MCP integration allows various AI clients (such as IBM watsonx Orchestrate, ChatGPT, Claude, and custom applications) to interact with content services by using standardized tools, resources, and prompts.
AI agent integration
The platform supports AI agent integration through a specialized layer that enables intelligent content operations. This layer is built on industry-standard technologies: LangGraph (a framework for building stateful AI agents), FastAPI (a modern web framework for building APIs), and MCP client libraries. Together, these technologies enable AI applications to perform complex content operations:
- Reasoning service
- Enables task planning, tool selection, and policy enforcement to help AI agents make intelligent decisions about content processing and workflows.
- Agent capabilities
- Provides content discovery, document understanding, and intelligent retrieval services that allow applications to interact with content through natural language interfaces.
- Traceability
- Maintains source citations and question-and-answer logs to ensure transparency and auditability of AI-driven content interactions.
AI foundation
The platform can integrate with public cloud AI services from watsonx.ai and Microsoft Azure Foundry to provide AI capabilities:
- Large language models (such as Granite, Llama, Mistral, and GPT models) for natural language understanding and generation
- Embedding models (such as slate and granite-multilingual) for semantic search and vector-based content retrieval
- Agent execution environments for running AI-powered workflows
- Context reasoning capabilities for understanding content relationships and meaning
- Policy enforcement mechanisms to ensure AI operations comply with business rules
Business value
Organizations face challenges in extracting value from vast amounts of unstructured content spread across multiple repositories. Traditional content management systems require manual processes for content discovery, classification, and retrieval. This architecture addresses these challenges by combining enterprise content management with AI capabilities.

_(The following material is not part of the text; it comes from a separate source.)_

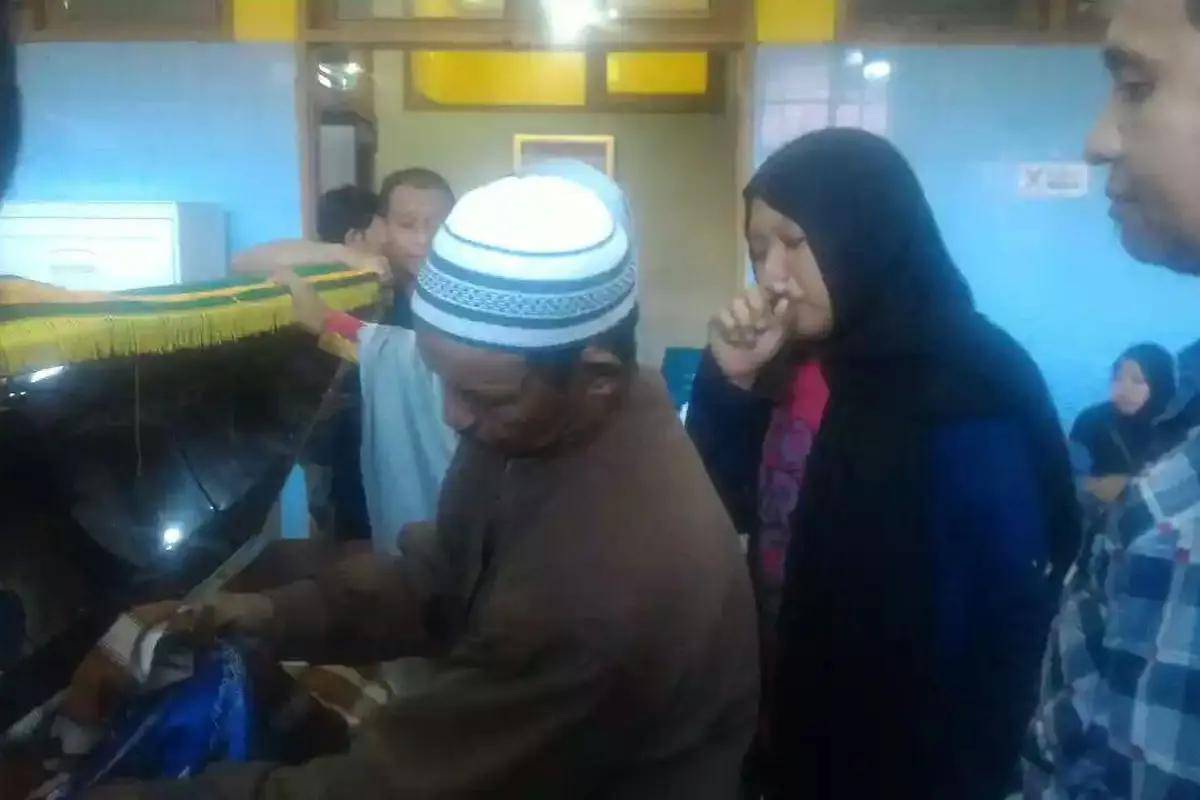 Ayah Jaminkan STNK demi Bawa Jenazah Anak Pulang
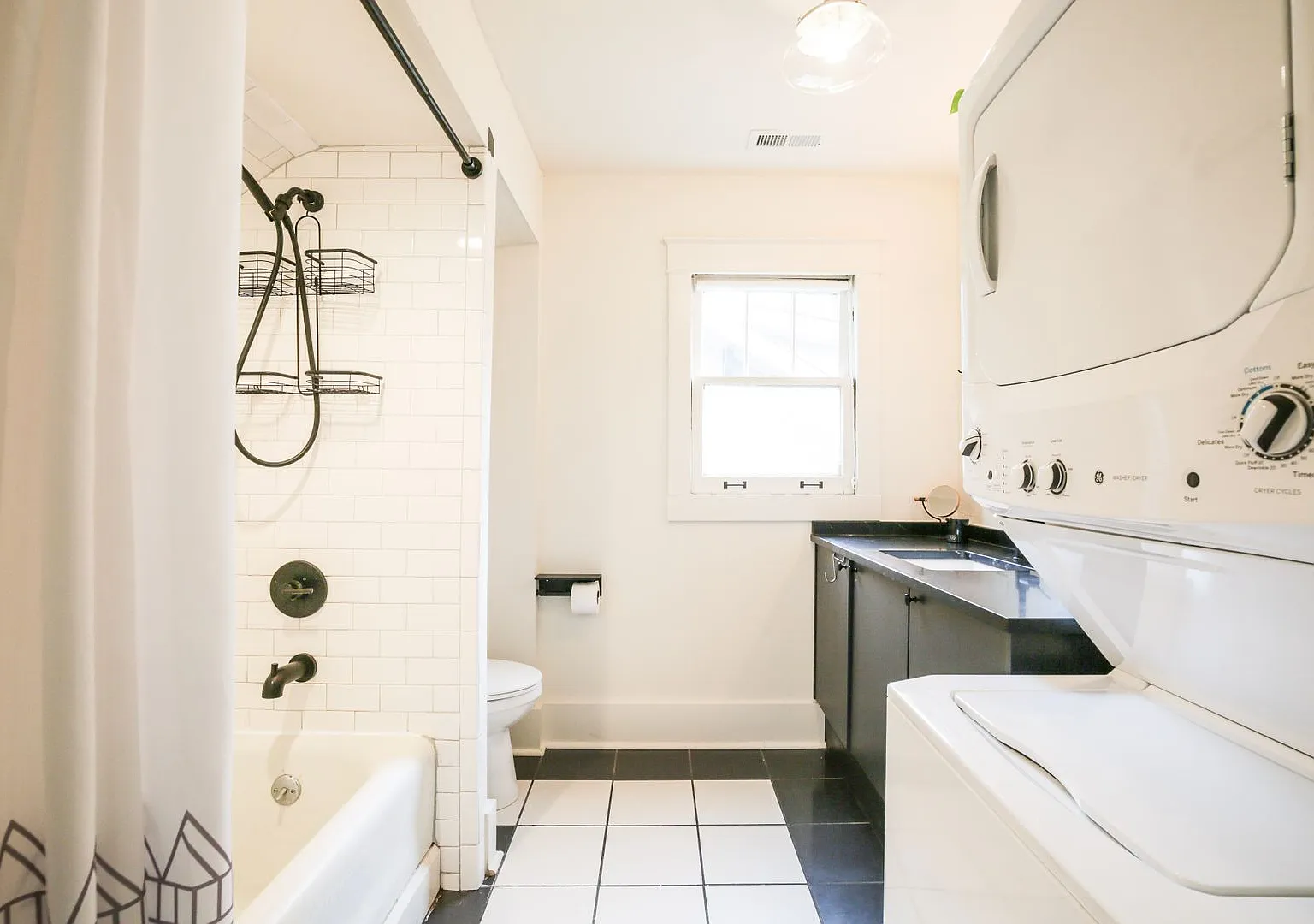 Coming soon! Great upstairs duplex unit in East Nashville-walk to Rosepepper Cantina! — Photo 2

Key business benefits include:
- Accelerated content discovery through semantic search and AI-powered retrieval
- Reduced manual effort through automated classification and metadata extraction
- Improved decision-making with AI agents that can reason over enterprise content
- Standardized AI integration through open protocols that reduce custom development costs
- Enterprise-grade security and governance that maintains compliance while enabling AI innovation
Use cases
The architecture supports diverse business scenarios across industries:
- Financial services
- Banks use AI agents to analyze loan applications by retrieving relevant documents from compliance repositories, extracting key information, and providing recommendations based on regulatory requirements. The MCP integration allows loan officers to interact with content through natural language queries.
- Healthcare
- Healthcare providers deploy AI agents that can search across patient records, medical images, and clinical documentation to support diagnosis and treatment planning. The Enhanced Text Extraction service processes handwritten notes and forms, while governance controls ensure HIPAA compliance.
- Manufacturing
- Manufacturers use AI agents to access product specifications, quality control documents, and supplier contracts. The RAG service enables engineers to find relevant technical documentation through semantic search, reducing time spent searching for information.
- Legal and compliance
- Legal teams deploy AI agents that can analyze contracts, regulatory filings, and case law stored in object stores. The traceability features maintain audit trails of AI-driven content analysis, supporting compliance requirements.